9,855 Pairs Of Underwear

By Catherine Stratton

“What did you do? Wash my dirty underwear?”

My husband was pissed. We were leaving the lawyer’s office, and he had just found out about the alimony. He would apologize later, but his question made me wonder: Did I deserve alimony?

The truth? I did wash his dirty underwear. Had for twenty-four years. And, with 365 days in a year, that’s 9,855 pairs of underwear.

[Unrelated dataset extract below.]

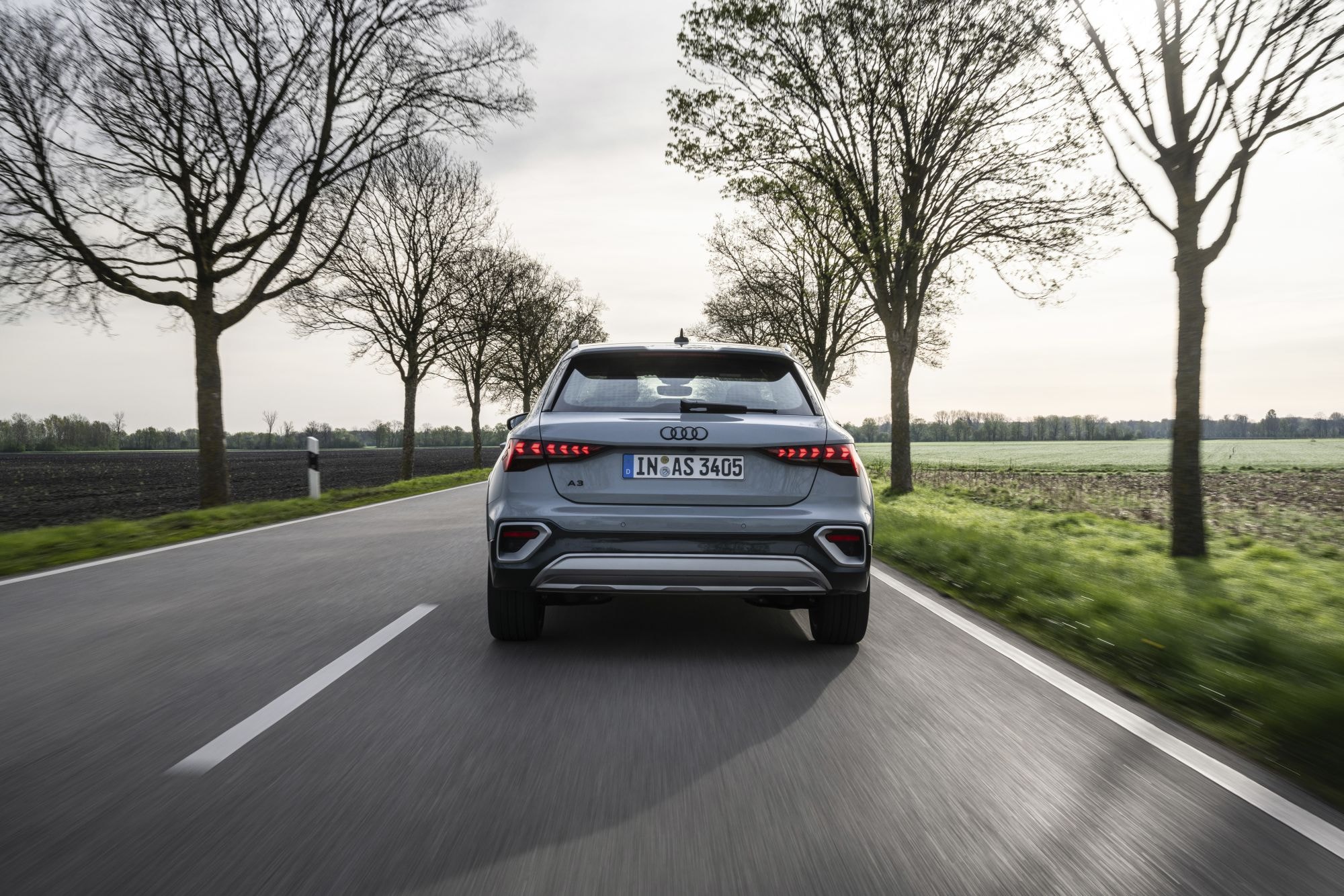Vista lateral del interior del Audi A3 Allstreet, diseño moderno.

That’s a lot of underwear.

I folded it too — he liked his underwear folded. Who the hell folds underwear? I toss mine into a drawer. I washed his shirts and socks, and his towels, and he didn’t believe in using a towel twice or a shirt, and who doesn’t change their socks every day?

That’s an awful lot of shirts and towels and socks. I washed them all.

Come to think of it, I even bought his underwear — at Macy’s, in the Men’s Department. Calvin Klein white briefs, size 36 for the first few years, size 38 for the rest, although, by the tenth year, he really needed size 40. I didn’t say anything; I didn’t want to hurt his pride.

One time I bought the wrong style of underwear, and, of course, I was back at Macy’s the next day to return them. This could have been after I stopped at the pharmacy to pick up his shaving cream, razor blades, and toothpaste. He only used Crest. The original blue paste. He had strong feelings about lots of things. Things I had never considered before. There’s also a good chance I collected his dress shirts at the dry cleaner’s that day. Or, maybe visited Home Depot to purchase hardware for the curtains that needed hanging and which he promised to install but never did.

I washed his dirty underwear—9,855 pairs of it—between completing the taxes twenty- four times and filling out the paperwork to refinance the mortgage times four and paying the bills twelve months out of the year and hiring a plumber or electrician to fix what went wrong and trimming the bushes and purchasing lightbulbs and removing the storms and hosing down screens and all the other stuff that needs to be done to maintain a too big, too old house.

Did I deserve alimony?

He made most of the money, and money is power, and because I worked part time, and from home, it was up to me — a tacit agreement — to buy the food and cook the food. Twenty- four years of buying and cooking and throwing out food from the fridge that had gone bad, and a great deal went bad because he refused to eat leftovers.

“Did you serve leftovers when your son was growing up?” I asked his mother once.

“All the time,” she said.

I wondered about that.

I forgot to mention our children. There were two, and they needed lots of tending. He helped a bit, changed a diaper or two, bathed them at times and, as they got older, he would draw with them and take them to bookstores and out to lunch. He was a good dad in his own way, and I loved him for that. I really did, in between driving the kids to their doctor appointments and their umpteen activities: Playdates and parties, band practice, and ballgames, art classes, and music lessons — so many activities. I tried to love him, between helping the children with their homework and buying their clothes and teaching them how to tie their shoes or ride a bike or button a shirt. Kids have laundry too — lots of it. I washed it all.

Did I deserve alimony?

What happened? I grew up in the 1970s, the birth of the Women’s Movement. I devoured Ms. Magazine, got wise to the patriarchy, supported equal rights. I called myself a feminist. I still call myself a feminist.

Can I call myself a feminist?

Give away power, it’s tough to reclaim. Perhaps I knew this all along, but I still washed his dirty underwear — from the beginning, before children, even when I earned more money than him.

Near the end of our marriage I threw his dirty underwear in with the darks. They came out dingy gray. I doubled over his single-use towels into neat squares and tucked them back into the linen closet unwashed. His socks remained inside out, no longer wrapped in neat little balls.

Two months before we split, I said, “I’m not doing your laundry anymore.”

I finally found my power — one pair of underwear at a time.

Catherine Stratton is a writer and filmmaker living in Hoboken, New Jersey. Her work has appeared in the Delmarva Review, the Tahoma Literary Review, After Happy Hour Review, Literary Mama, and The Woodhall Press 2020 Flash Nonfiction Anthology.